# Faux Marble for Nightstand



## joecaption (Nov 30, 2011)

No way would I ever use any form of contact paper on any table top.
Just not going to hold up.
There's also no way to get it to conform to a rounded edge.


----------



## lemon2891 (Oct 2, 2014)

joecaption said:


> No way would I ever use any form of contact paper on any table top.
> Just not going to hold up.
> There's also no way to get it to conform to a rounded edge.

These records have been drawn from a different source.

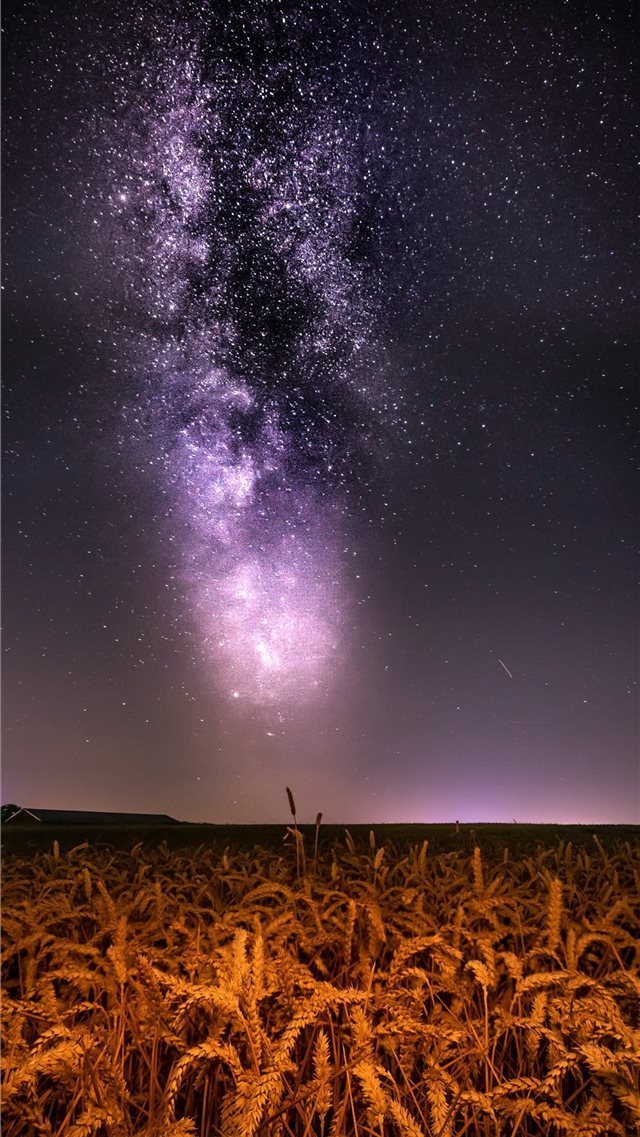 Milkyway over wheat field iPhone 8 wallpaper 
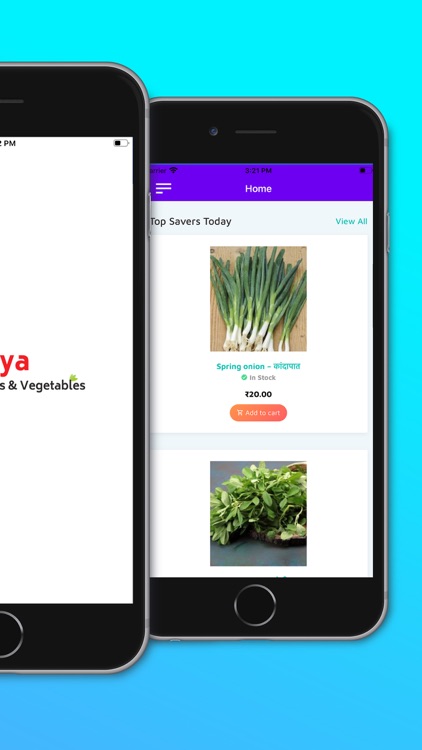 Arya Fruits & Vegetables screenshot-3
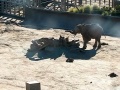 San Diego - Elephant Overlook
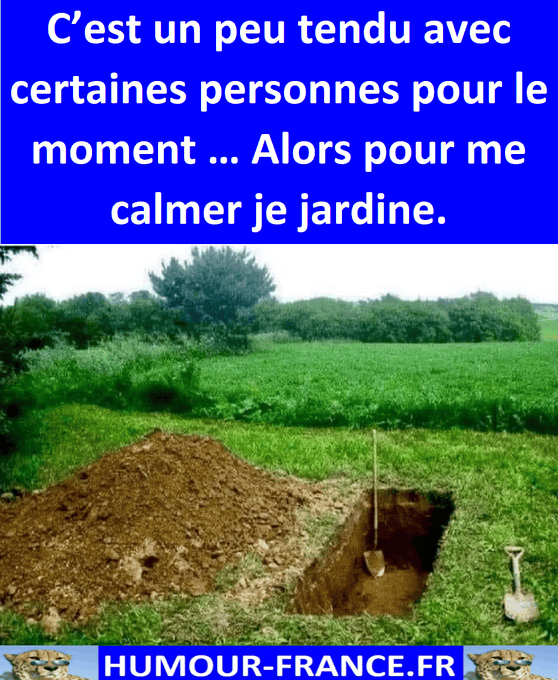 text alternatif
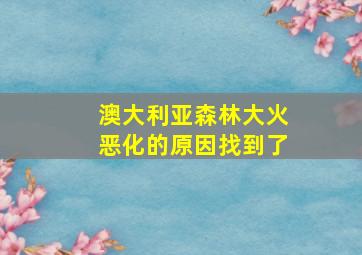 澳大利亚森林大火恶化的原因找到了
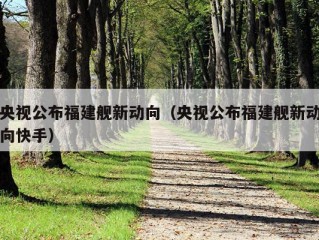 央视公布福建舰新动向（央视公布福建舰新动向快手）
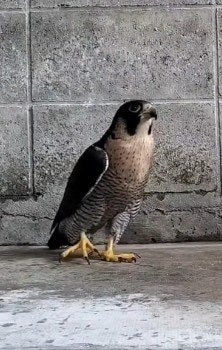 【とべ動物園】「エッホエッホ」ピンセットで肉をもらいにやって来るハヤブサの貴重な映像に「可愛い～」の声（愛媛県）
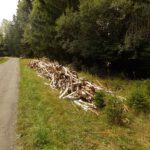 Diese Dinger könnte man triften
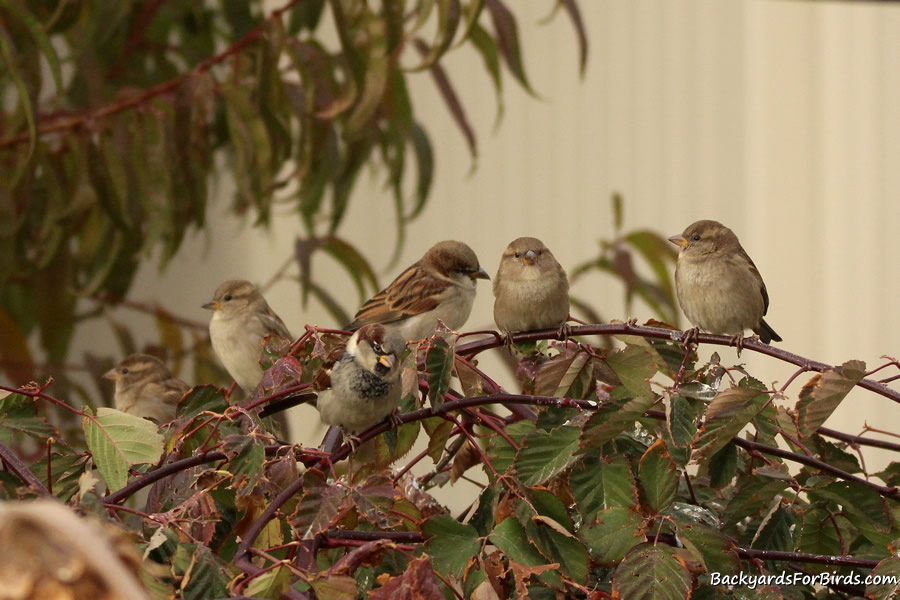 house sparrows perched on a raspberry bush.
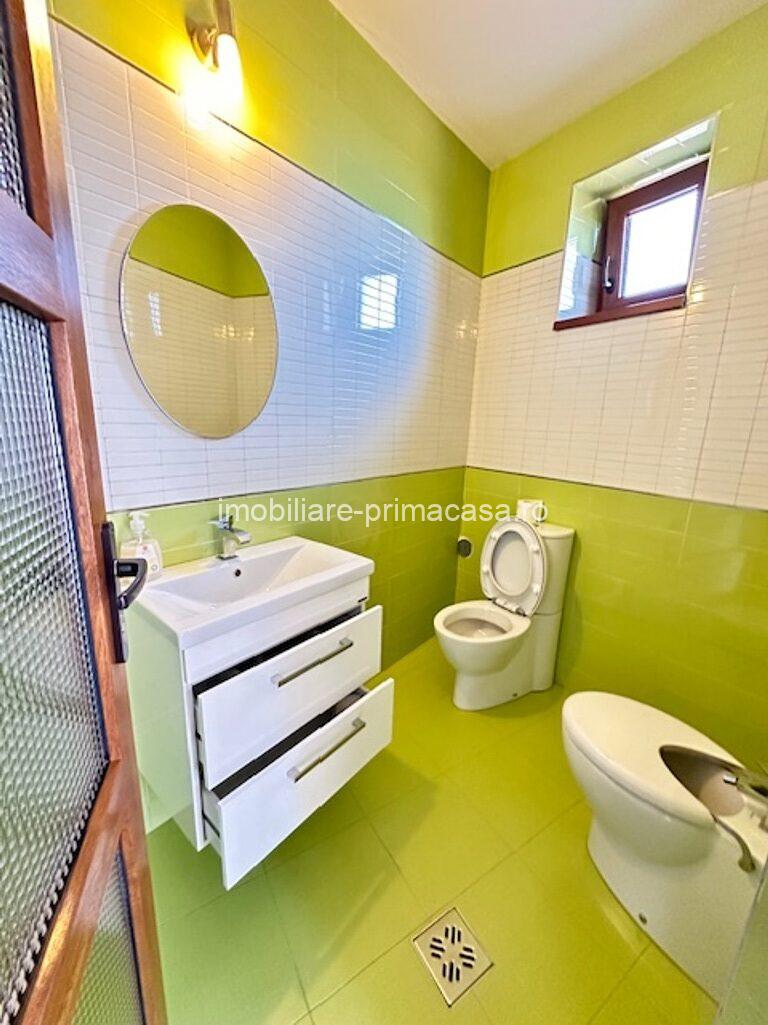 V. BORCUTULUI VILA 600mp P+E+M cu 2000mp teren! - imagine 28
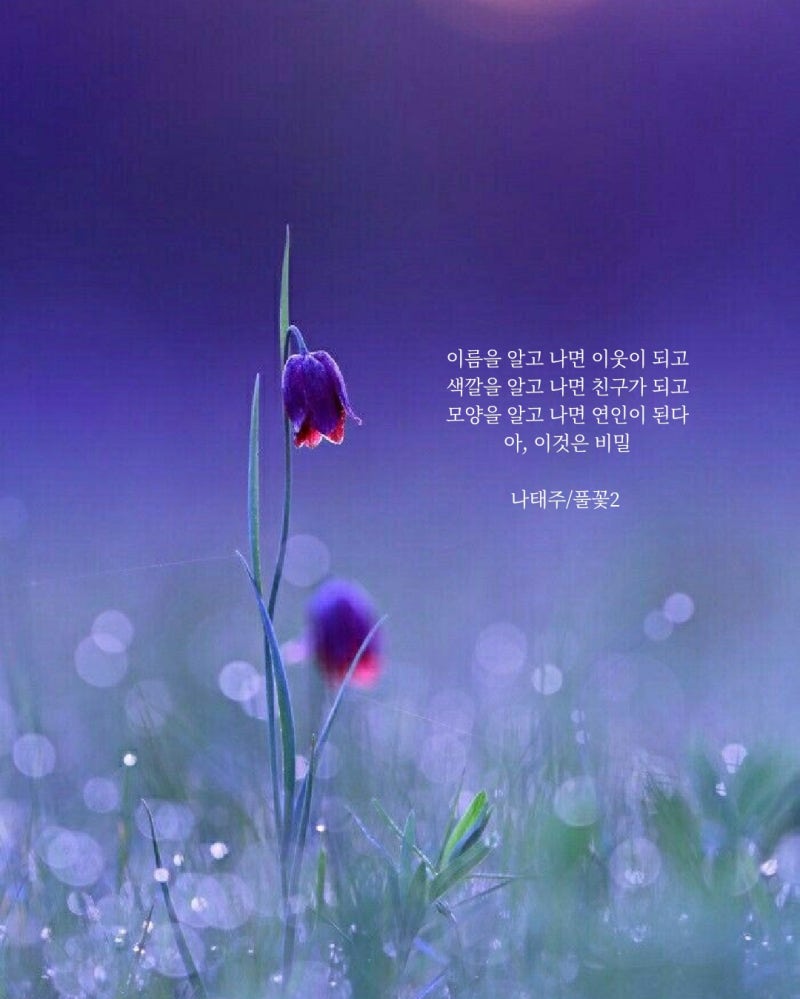 풀꽃 - 나태주 : 네이버 블로그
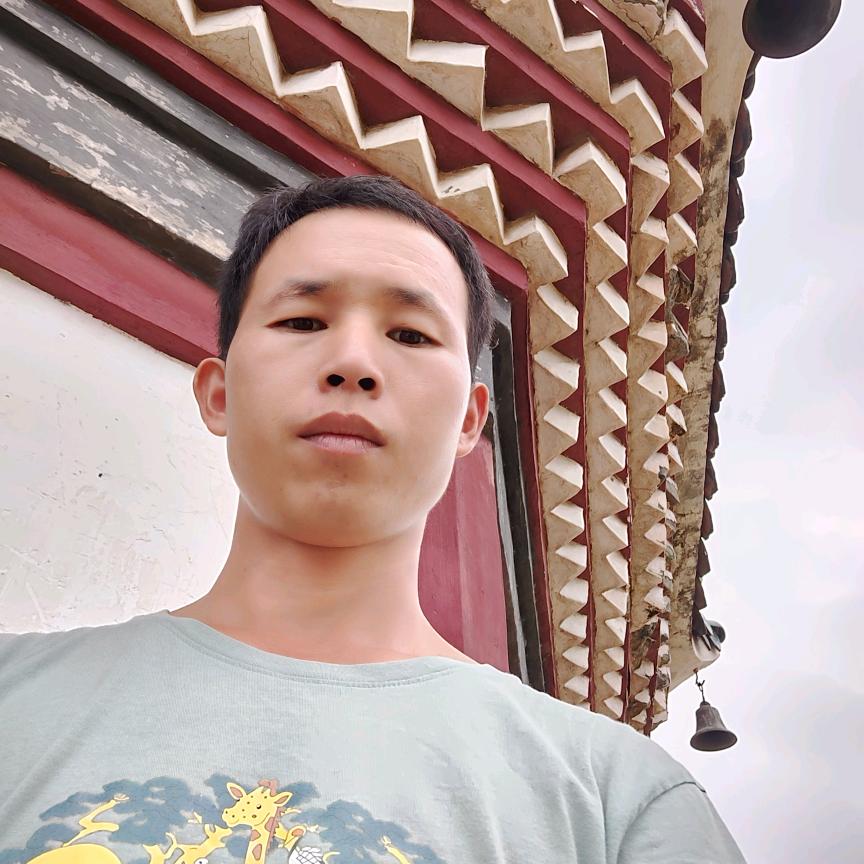 岑明振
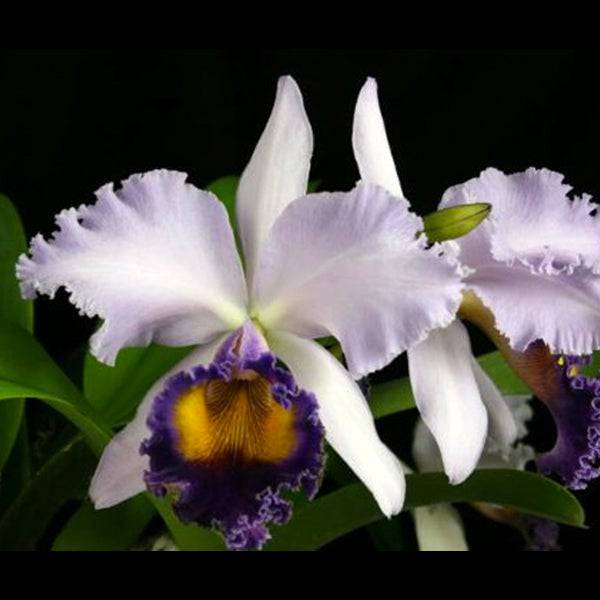Cattleya (Rlc.) Dinard 'Blue Heaven' - Without Flowers | BS - Buy Orchids Plants Online by Orchid-Tree.com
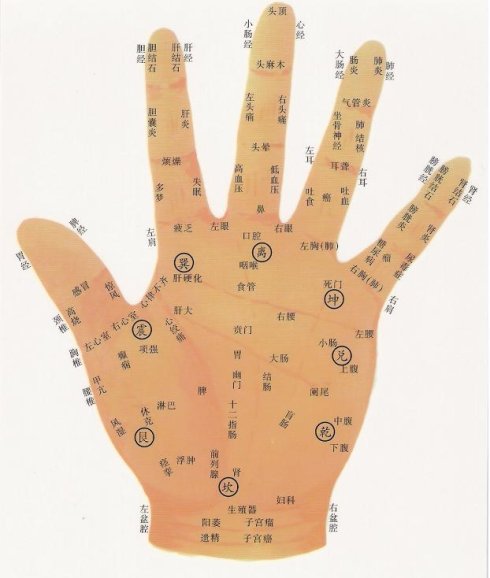 手的驚人秘密——掌心的八卦圖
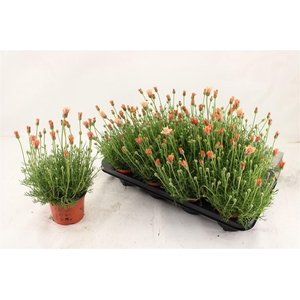 Rhodanthemum hosmariense 'Zagora Orange'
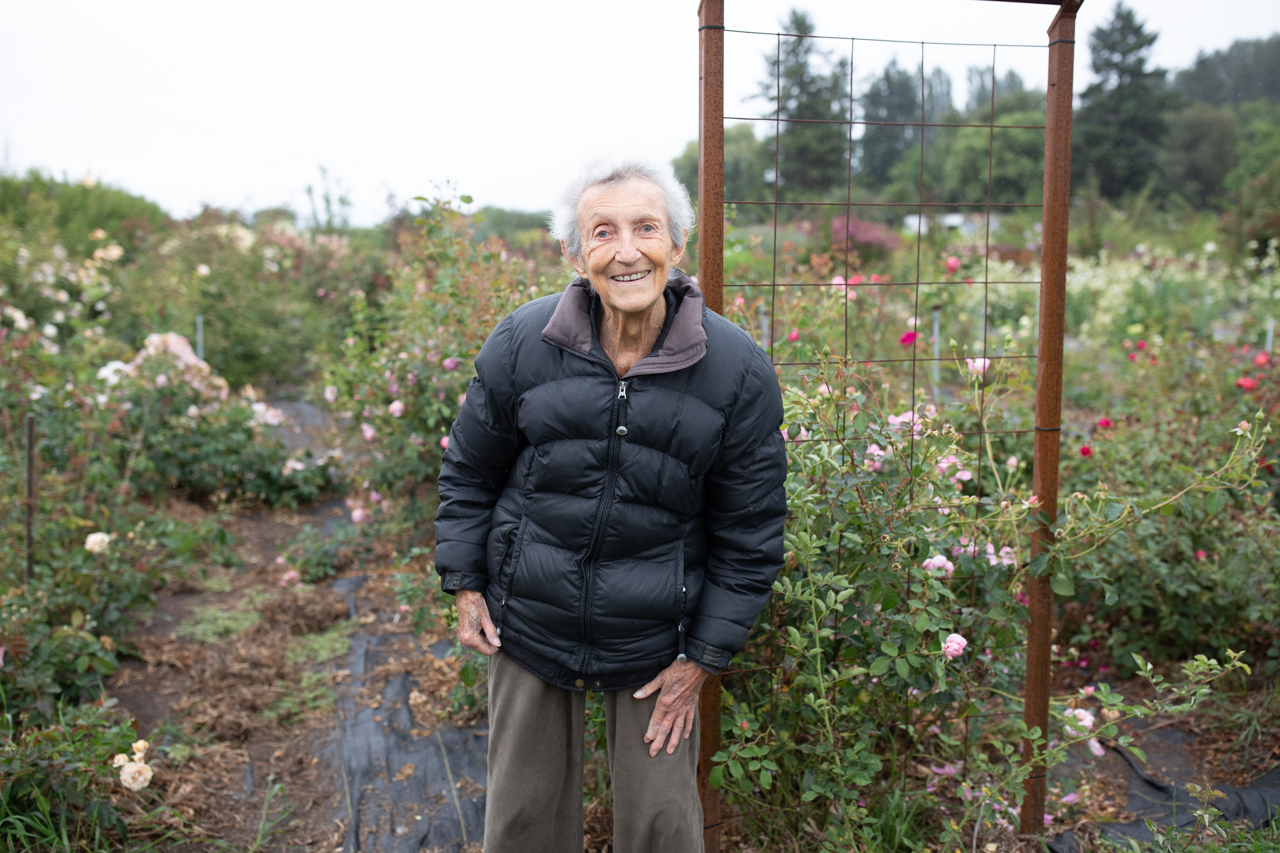 A Rose Story Part 4: An Interview with Anne Belovich - Floret Flowers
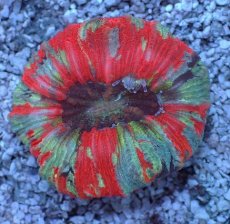 画像2: No.82 オオバナサンゴ マルチカラー (2)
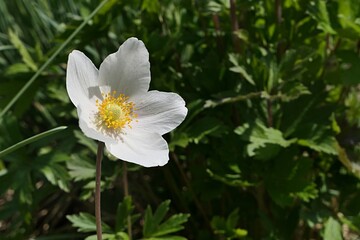 Single white flower of Snowdrop Anemone plant, also called snowdrop windflower, latin name Anemonoides Sylvestris, sunlit by spring daylight sunshine. 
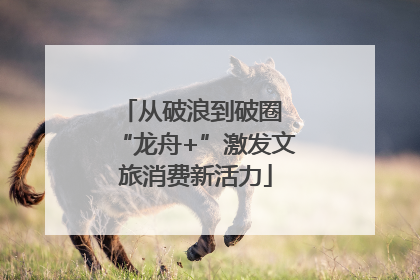 从破浪到破圈 “龙舟+”激发文旅消费新活力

What would you suggest instead to get a stone or other faux finish look?


----------



## Chance93 (Oct 7, 2014)

They sell paint kits that I have heard work well, I'd do a quick google search for it  also, I know they make faux marble kits to redo kitchen counters.


----------



## ddawg16 (Aug 15, 2011)

Why not get real stone? I think you would be surprised at how cheap it might be.


----------



## Two Knots (Nov 12, 2011)

I'm not clear on this? Firstly, what does the other bedside table look like?

Secondly, the round marble piece you pictured, is that something you already have? ...does it have a marble top? 

Is the round wood that you purchased -- plywood with raw sides? 

Post a pic of the other table, I have an idea for you...also, what color are
the walls, drapes, shades, bedding etc...


----------